Small Claims Decisions

Decision Information

Decision Content

Date Issued: April 19, 2022

File: SC-2021-007259

Type: Small Claims

Civil Resolution Tribunal

Indexed as: McKenna v. Roy, 2022 BCCRT 444

Between:

KELLY MCKENNA

Applicant

And:

JAMIE NEIL ROY and CLAIRE KRISTA ROY

RespondentS

REASONS FOR DECISION

Tribunal Member:

Shelley Lopez, Vice Chair

 

INTRODUCTION

1.      This dispute is about compensation for dog breeding services. The applicant, Kelly McKenna, undisputedly provided a “stud service” for a female dog owned by the respondents, Jamie Neil Roy and Claire Krista Roy. Ms. McKenna says the parties’ verbal agreement was a female puppy from the litter instead of a stud fee up front. Ms. McKenna says there were 3 puppies but she did not receive one nor any payment. Ms. McKenna claims $3,500 for the stud fee “and/or” a puppy.
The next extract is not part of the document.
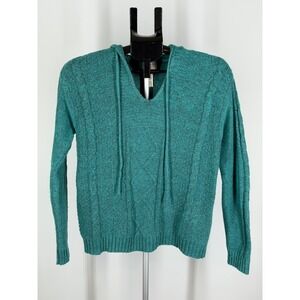 St Johns Bay Womens Teal Cable Knit Hooded Sweater V-Neck Size S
2.      The Roys say the agreement was initially a $500 stud fee but that when they discovered the dog was pregnant with 3 puppies, they agreed to pay the $500 debt with a puppy. The Roys say the implied condition was that all 3 puppies would survive until they could be re-homed at 8 weeks. One female puppy died due to an accident, and the Roys say the other female puppy was already sold. The Roys kept the 3rd, a male. The Roys deny agreeing to a $3,500 stud fee but have also not paid anything.

3.      Ms. McKenna is self-represented. Mr. Roy represents the respondents.

JURISDICTION AND PROCEDURE

4.      These are the formal written reasons of the Civil Resolution Tribunal (CRT). The CRT has jurisdiction over small claims brought under section 118 of the Civil Resolution Tribunal Act (CRTA). CRTA section 2 states that the CRT’s mandate is to provide dispute resolution services accessibly, quickly, economically, informally, and flexibly. In resolving disputes, the CRT must apply principles of law and fairness, and recognize any relationships between the dispute’s parties that will likely continue after the CRT process has ended.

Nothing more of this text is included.